Spec: definitions.md#per-par-averages →Mean score-to-par bucketed by the hole’s stroke index: Hard (SI 1–6), Mid (SI 7–12), Easy (SI 13–18). Captures whether a player disproportionately bleeds on the hard holes.
- Formula
- Three buckets over six stroke indexes each. avg = mean(score_to_par) within the bucket; samples = 6 holes × rounds played.
- Worked example
- Across 11 rounds, each bucket has 66 samples per player. Hard-bucket averages run 0.5–1 stroke higher than Easy-bucket averages — the stroke index does its job.
- Edge cases
- Courses with non-standard SI assignments (ties, missing values) still bucket cleanly by SI number.
- Empty buckets (zero rounds played) render as em-dash.

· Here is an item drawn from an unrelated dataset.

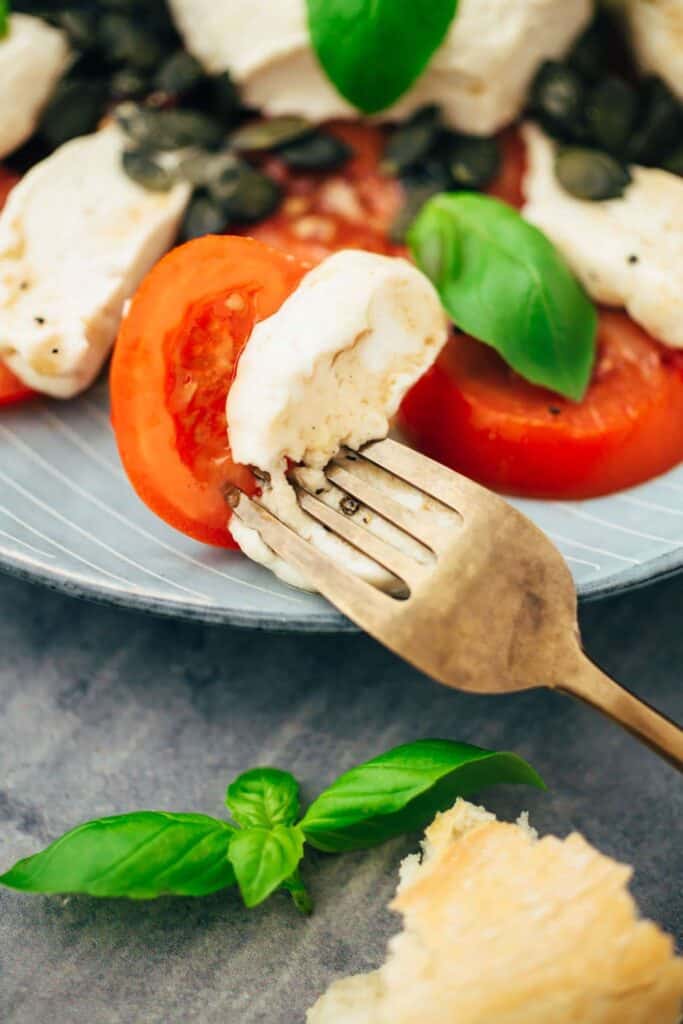 Tomate Mozzarella Caprese - VEGAN (15 Minuten) Rezept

Spec: definitions.md#per-stroke-index-averages →Mean score-to-par on the front 9 vs the back 9. Makes late-round fatigue or front-nine slow starts visible. Delta (back − front) is shown below.
- Formula
- avg_front = mean(score_to_par for hole index 0–8). avg_back = mean(score_to_par for hole index 9–17). delta = avg_back − avg_front.
- Worked example
- Across 11 rounds, each side has 99 samples per player — the same rounds, split in half. A positive delta means the player plays worse on the back nine on average.
- Edge cases
- Partial rounds missing holes in either nine still contribute their played holes; the denominators narrow accordingly.
- Unused holes on 9-hole variants would break this stat — the data model doesn’t accept them.